Structural Equation Modeling
CFA is one of the foremost methodologies applied to test various hypotheses and the commonality of the factors and the variables taken up into consideration in every research. Through this methodology, the uni-dimensionality, latent factor structure, and goodness of fit index for the proposed model along with the testing of multiple hypotheses pertaining to the study could be performed (Hoyle, 2004). The various fit indices as discussed in the above research were analyzed in this study so as to confirm the fit of the model (Chau, 1997; Sun, 2005). The results show that the following values in Table 1 were obtained through SEM of AMOS pertaining to the above factor.
This analysis was carried out with the data collected through self-administered questionnaire from 779 respondents who were the customers of the public sector and private sector banks in India. The structure of the model is depicted in Figure 2 below.
From the above table, it is noticed that the Chi-Square value (X2) is 686.109, with the value of 144 degrees of freedom (df). The CMIN/DF ratio was found to be 4.765, the SRMR value was found to be (0.054), TLI value was found to be (0.910), CFI was found to be (0.924), and RMSEA was found to be (0.076). These values were all within the recommended range of the index as pointed out by Hooper et al. (2008) and Cooley et al. (2012) and confirmed that the conceptual model considered in this research together with all factors represented an adequate goodness of fit.
The maximum likelihood estimates through regression weights were also calculated through the structured equation modeling and the revealed result is detailed in Table 2 below.

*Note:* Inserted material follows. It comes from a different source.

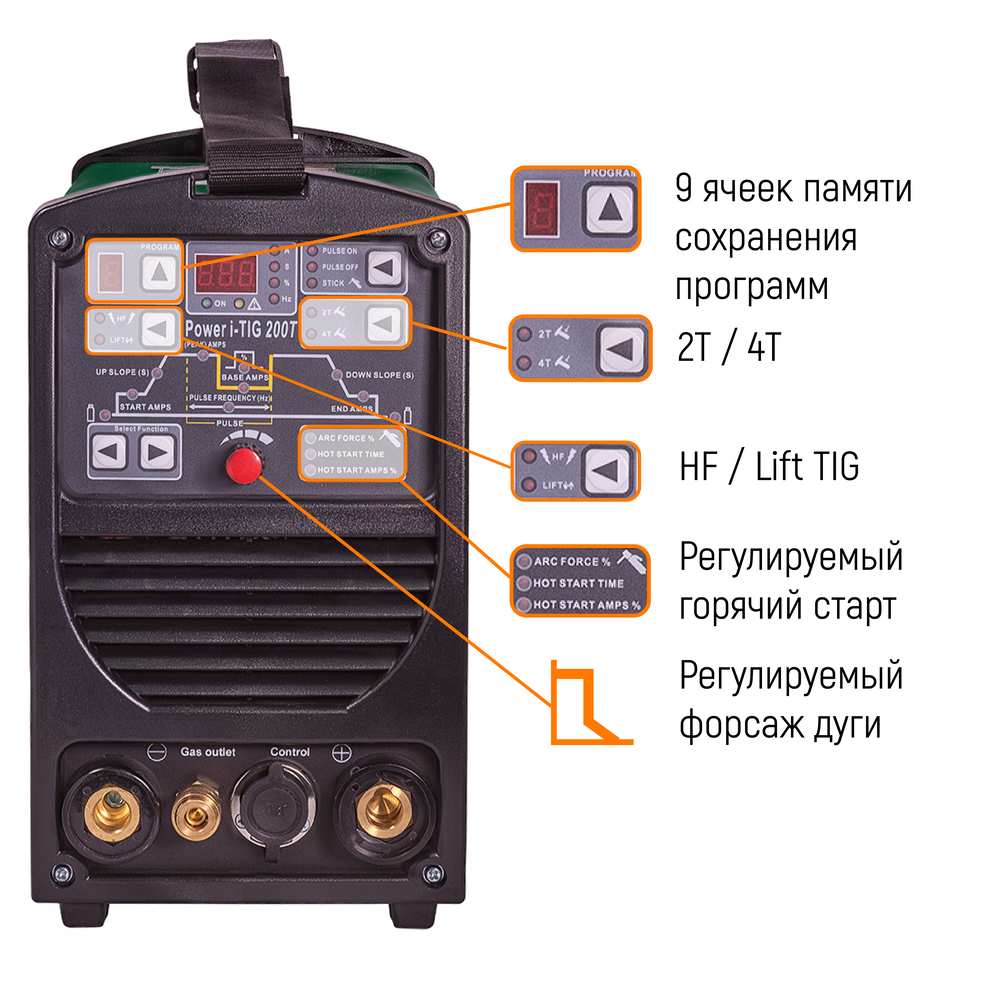 Установка аргонодуговой сварки PoweriTig 200T Everlast 3EV200T - фото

Table 2 represents the output of the SEM through path analysis and the parameter estimate calculated is found significant at p<0.05 as the value of the critical ratio is more than 1.96 and all the paths were found significant at 1% level of significance. Hence, the hypotheses H2, H3, H4 and H5 were supported.

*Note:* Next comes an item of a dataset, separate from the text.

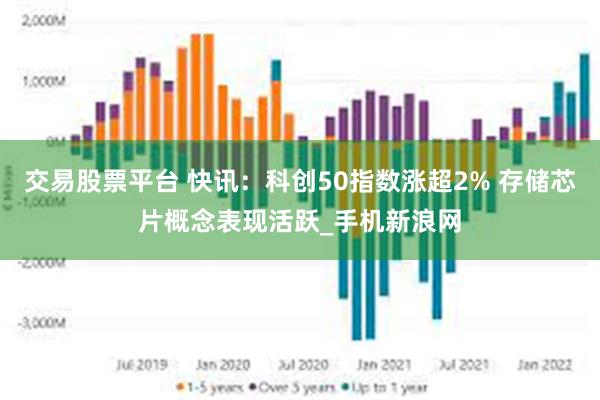 交易股票平台 快讯：科创50指数涨超2% 存储芯片概念表现活跃_手机新浪网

Demographic Profile of the Respondents
Demographic profile plays an important role in identifying the customer satisfaction, trust, and loyalty level in any sector, but it is a very important indicator in the financial institutions. In this study, which is mainly based on the customer loyalty in banking sectors, various
demographic variables were framed for getting the opinion of the respondents in connection with the objectives. The revealed results are detailed in the following Table 3 below.
From the above table, it is noticed that the maximum number of customers were between 21- 40 years (496 respondents, which made up63.6 percent of the participants). Regarding gender, 53 percent were Male, while 73.2 of the total population were married. With regard to educational degree, 34.4% of the respondents had only the SSLC qualification, while 32.7 percent of them were working in the private sector, followed by 29.8 % of the respondents who had jobs at the public sector. Within the sample, 496 respondents (63.6 percent) had a salary of between Rs. 2000 to 3500. Most of the customers resided in rural areas and lived jointly with 3-4 dependent members. 63.7 percent of the total population of this study had their accounts in the public sector banks. The majority of respondents had opened the account in the bank within one year. Within the sample, 261 respondents (33.5%) visited the bank once in a month, while 15.8 percent visited it once in fifteen days for their transactions. Regarding the idea of implementation of customer relationship management (CRM) in their banks, 531 respondents (68.2%) were satisfied with the CRM implementation.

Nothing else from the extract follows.